Onder Nuyens wordt het de bedoeling dat Steels wegkapitein wordt in de voorjaarsklassiekers. “Mijn rol binnen de ploeg is duidelijk besproken”, zegt hij. “In de vlakke koersen zal ik mee in de trein zitten van Aidis Kruopis. En in de topklassiekers zal ik me wegcijferen voor Van Aert, Devolder, De Bie en Waeytens. Die zijn gewoon beter dan mij op die zwaardere parcoursen. In de andere koersen zoals GP Samyn (vandaag/dinsdag, red) en Dwars door West-Vlaanderen kan ik wel mijn eigen ding doen. Zo weet ik in elke koers wat er van mij verwacht wordt, en dat vind ik best zo.”
‘s Nachts op computer
In zijn studies revalidatiewetenschappen zit iets minder schwung. “Ik moet nog altijd mijn laatste jaar afwerken”, lacht Steels. “Alles met theorie heb ik achter de rug, maar het praktijkgedeelte en de stage zijn gewoon niet te combineren met de koers. Daarvoor moet je in de les aanwezig zijn en dat gaat niet. In mijn debuutjaar als prof heb ik nog mijn thesis geschreven, maar als je 2 dagen voor de Baloise Belgium Tour nog tot 2 uur ‘s nachts op je computer zit te tokkelen, dan weet je dat je op je limiet zit.” (lacht)
“Daarom heb ik na dat jaar ook beslist om die studies even in de koelkast te stoppen. Als je zelf beseft dat je geslaagd bent omdat je het goed kon uitleggen, dan moet je stoppen. Je moet je job fatsoenlijk doen, hé. Het is wel de bedoeling om die studies ooit af te werken, want ik wil er graag mee verder als trainer/coach. En ik heb er ook al zoveel tijd ingestoken dat ik het maar beter kan afmaken ook.”
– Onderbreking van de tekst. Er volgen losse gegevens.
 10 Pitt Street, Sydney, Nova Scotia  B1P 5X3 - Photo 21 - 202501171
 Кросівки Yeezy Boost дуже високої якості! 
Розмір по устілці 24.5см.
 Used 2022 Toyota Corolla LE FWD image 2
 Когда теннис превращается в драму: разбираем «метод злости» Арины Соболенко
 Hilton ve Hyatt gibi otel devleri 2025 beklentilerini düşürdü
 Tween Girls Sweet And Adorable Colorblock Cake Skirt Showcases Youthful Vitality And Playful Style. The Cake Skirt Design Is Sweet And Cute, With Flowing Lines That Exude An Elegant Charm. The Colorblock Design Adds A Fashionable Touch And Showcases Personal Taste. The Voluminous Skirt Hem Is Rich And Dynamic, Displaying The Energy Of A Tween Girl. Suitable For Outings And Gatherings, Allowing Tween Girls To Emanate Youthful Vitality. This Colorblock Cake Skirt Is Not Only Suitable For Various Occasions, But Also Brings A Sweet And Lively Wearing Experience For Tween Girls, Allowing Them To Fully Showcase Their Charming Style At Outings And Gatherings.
Nochtans was studeren nog niet zo slecht voor Steels. “Soms zorgden die studies inderdaad wel voor wat afleiding. En als je ‘s ochtends weet dat je die dag maar 4 uur tijd hebt om te trainen, dan ga je er ook het maximale uithalen. Als je een ganse dag de tijd hebt om 4 uur te gaan trainen, dan ben je minder gefocust.”
Schaal Sels
Dromen van pakweg de Ronde van Vlaanderen is niet aan Steels besteed. Hij kent zijn limieten. “Dromen doe ik niet”, lacht hij. “Ik ben een supperrealist, hé. Ik begin nu aan mijn 6e jaar als prof, dan weet je dat de marges niet meer zo groot zijn. Het niveau dat ik nu heb, moet ik behouden. Misschien kan ik nog iets beter worden, maar nee, de Ronde of Roubaix zal ik wel nooit winnen. Geef mij maar zo’n 1.1-koers als Dwars door het Hageland of de Schaal Sels, die wil ik wel nog eens naar mijn hand zetten.”